Always so many helicopters!

Last night's threat.

Serious warnings for last night. (After "neighborhood council"
patrols were able to be out helping the night before.)

Our neighbor on the neighborhood page who listens to scanners and reports back.

537 comments on ONE neighborhood page's nightly thread.

So I spent a second night up. I checked the yard and neighbor's yards until around 11:30. Then again before 1 a.m. I slept from about 1-3 on the couch, checked on things again, went to bed after 4, and couldn't sleep (even though I've gotten just 5+ hours of sleep total between the last 2 nights).

The last 2 nights have been quiet right around my house, but there's larger issues at work in my surrounding neighborhood. Hoping it keeps quieting down.

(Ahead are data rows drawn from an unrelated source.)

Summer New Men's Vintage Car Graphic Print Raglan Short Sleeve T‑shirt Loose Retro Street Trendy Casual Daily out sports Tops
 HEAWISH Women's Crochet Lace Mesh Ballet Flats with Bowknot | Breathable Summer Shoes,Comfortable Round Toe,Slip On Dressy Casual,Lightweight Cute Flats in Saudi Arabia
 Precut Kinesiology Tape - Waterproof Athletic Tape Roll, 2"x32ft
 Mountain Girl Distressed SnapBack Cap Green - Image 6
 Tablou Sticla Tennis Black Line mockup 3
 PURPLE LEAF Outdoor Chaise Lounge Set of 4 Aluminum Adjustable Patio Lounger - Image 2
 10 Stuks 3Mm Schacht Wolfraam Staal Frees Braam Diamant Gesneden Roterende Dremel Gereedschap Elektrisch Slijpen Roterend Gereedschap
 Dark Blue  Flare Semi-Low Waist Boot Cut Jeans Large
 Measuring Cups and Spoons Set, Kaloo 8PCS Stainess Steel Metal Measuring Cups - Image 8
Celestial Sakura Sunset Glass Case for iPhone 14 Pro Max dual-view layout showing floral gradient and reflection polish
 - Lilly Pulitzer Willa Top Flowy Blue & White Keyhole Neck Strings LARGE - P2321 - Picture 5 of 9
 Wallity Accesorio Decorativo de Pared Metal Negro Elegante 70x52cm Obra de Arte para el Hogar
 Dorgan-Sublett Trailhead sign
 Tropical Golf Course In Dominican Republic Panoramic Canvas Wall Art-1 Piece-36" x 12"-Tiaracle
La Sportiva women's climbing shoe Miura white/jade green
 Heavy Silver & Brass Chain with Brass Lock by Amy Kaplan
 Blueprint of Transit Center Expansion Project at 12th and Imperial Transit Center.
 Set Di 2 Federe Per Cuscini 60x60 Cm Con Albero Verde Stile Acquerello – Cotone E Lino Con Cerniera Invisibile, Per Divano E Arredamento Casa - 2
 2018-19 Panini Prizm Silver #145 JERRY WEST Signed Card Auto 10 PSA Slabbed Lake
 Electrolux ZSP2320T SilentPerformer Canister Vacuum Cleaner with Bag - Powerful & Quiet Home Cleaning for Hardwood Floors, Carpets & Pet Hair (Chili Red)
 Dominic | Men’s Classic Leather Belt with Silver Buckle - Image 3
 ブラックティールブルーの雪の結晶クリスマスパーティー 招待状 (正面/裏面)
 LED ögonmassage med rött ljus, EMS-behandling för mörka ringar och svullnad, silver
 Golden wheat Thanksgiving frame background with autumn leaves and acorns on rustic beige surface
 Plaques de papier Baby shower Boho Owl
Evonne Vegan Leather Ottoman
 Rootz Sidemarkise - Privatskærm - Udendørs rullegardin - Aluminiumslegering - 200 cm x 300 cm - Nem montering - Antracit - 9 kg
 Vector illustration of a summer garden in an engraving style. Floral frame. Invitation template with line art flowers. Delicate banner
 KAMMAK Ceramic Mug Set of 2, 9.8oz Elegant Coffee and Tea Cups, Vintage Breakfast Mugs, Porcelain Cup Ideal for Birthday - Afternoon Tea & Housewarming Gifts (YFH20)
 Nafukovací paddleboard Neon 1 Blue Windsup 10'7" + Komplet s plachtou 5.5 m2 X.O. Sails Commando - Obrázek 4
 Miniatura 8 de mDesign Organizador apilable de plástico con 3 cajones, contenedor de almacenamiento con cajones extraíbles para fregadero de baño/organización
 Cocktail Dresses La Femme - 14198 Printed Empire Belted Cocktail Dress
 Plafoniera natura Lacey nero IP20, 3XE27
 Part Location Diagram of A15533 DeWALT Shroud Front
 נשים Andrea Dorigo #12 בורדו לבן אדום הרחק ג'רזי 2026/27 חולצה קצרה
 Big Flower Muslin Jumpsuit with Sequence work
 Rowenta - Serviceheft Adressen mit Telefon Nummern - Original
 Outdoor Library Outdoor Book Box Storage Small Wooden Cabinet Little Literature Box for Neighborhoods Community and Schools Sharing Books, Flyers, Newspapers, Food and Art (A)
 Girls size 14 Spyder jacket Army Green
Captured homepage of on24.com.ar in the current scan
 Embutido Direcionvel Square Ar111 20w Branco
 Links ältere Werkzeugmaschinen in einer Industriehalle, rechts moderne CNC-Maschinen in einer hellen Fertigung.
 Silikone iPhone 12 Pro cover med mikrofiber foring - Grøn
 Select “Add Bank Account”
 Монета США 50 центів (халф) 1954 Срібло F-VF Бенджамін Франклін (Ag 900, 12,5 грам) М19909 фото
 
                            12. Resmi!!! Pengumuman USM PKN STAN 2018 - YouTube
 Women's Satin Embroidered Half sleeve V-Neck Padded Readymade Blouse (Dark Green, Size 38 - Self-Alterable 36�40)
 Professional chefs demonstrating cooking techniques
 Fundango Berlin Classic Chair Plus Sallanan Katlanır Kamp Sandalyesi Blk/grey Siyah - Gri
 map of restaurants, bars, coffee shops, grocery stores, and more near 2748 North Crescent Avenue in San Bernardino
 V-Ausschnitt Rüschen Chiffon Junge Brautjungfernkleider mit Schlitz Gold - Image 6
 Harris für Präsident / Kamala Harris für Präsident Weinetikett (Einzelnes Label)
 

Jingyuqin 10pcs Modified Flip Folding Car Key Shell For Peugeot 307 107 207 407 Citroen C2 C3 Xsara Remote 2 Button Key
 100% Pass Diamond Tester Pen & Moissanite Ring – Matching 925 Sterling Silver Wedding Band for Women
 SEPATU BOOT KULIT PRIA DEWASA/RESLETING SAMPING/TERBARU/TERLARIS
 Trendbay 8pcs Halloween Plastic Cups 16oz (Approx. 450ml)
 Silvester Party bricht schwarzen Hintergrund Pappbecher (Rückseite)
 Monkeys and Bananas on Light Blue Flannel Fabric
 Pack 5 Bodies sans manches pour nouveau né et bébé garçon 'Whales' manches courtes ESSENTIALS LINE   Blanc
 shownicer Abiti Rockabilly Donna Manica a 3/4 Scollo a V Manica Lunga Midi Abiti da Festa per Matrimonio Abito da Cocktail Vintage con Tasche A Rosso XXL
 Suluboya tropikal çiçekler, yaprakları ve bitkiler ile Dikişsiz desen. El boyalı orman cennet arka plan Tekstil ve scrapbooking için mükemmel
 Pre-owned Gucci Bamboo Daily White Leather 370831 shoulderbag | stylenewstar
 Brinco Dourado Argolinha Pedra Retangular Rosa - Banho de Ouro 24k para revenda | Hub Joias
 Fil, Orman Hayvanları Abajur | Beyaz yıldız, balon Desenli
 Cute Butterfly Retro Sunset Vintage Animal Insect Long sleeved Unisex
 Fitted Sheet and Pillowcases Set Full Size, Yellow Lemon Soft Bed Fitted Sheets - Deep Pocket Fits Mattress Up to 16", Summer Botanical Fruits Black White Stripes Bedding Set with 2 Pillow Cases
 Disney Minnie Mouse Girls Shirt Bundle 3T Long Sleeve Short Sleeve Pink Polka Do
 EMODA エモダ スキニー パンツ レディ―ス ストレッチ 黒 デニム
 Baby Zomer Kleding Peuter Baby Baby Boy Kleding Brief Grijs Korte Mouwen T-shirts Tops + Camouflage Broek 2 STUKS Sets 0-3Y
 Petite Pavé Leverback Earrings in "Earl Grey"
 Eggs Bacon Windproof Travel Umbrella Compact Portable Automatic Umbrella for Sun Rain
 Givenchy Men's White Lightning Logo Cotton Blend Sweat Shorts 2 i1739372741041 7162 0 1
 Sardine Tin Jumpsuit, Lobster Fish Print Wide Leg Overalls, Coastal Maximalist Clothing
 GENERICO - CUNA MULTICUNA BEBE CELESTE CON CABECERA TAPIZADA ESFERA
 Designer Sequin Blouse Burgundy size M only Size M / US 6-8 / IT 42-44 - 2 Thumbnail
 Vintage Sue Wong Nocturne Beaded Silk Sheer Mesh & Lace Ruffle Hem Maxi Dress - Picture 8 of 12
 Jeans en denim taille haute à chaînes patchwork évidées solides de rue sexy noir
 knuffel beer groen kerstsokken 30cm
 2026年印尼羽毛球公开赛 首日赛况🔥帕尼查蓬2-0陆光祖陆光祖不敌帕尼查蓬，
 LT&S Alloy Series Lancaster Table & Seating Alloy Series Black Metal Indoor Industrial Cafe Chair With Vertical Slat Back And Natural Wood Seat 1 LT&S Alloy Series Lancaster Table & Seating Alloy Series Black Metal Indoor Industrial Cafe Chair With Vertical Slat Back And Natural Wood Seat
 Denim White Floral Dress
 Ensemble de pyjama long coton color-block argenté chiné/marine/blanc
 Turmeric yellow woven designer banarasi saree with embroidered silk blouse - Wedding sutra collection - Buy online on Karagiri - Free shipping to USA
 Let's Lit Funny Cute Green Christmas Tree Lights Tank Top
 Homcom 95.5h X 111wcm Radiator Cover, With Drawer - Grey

Carolina John 11:37 AM, June 01, 2020  

Steve, that is an amazing and heartbreaking recap of a time frame. I'm in tears. Thank you for sharing such a personal account and I'm so glad your family is ok.

T 6:28 PM, June 01, 2020  

Holy. Crap. I've (obviously) been following along with your stuff on all three social platforms, but to see it all laid out like this? Sheesh. I'm thankful we haven't had to deal with the Denver unrest getting out to us (we're far enough away from the capitol/heavy protest areas), but this is giving us a lot of good information just in case stuff gets way worse.

I'm thankful the neighborhoods are so coordinated and helping out right now. That's what we really need.

Stay safe, and I'm praying things calm down around the country (and start changing for the better on a bigger scale) soon.

Paul 9:21 AM, June 02, 2020  

Thanks for taking the time to document this, Steve. Stay safe, and keep doing Good.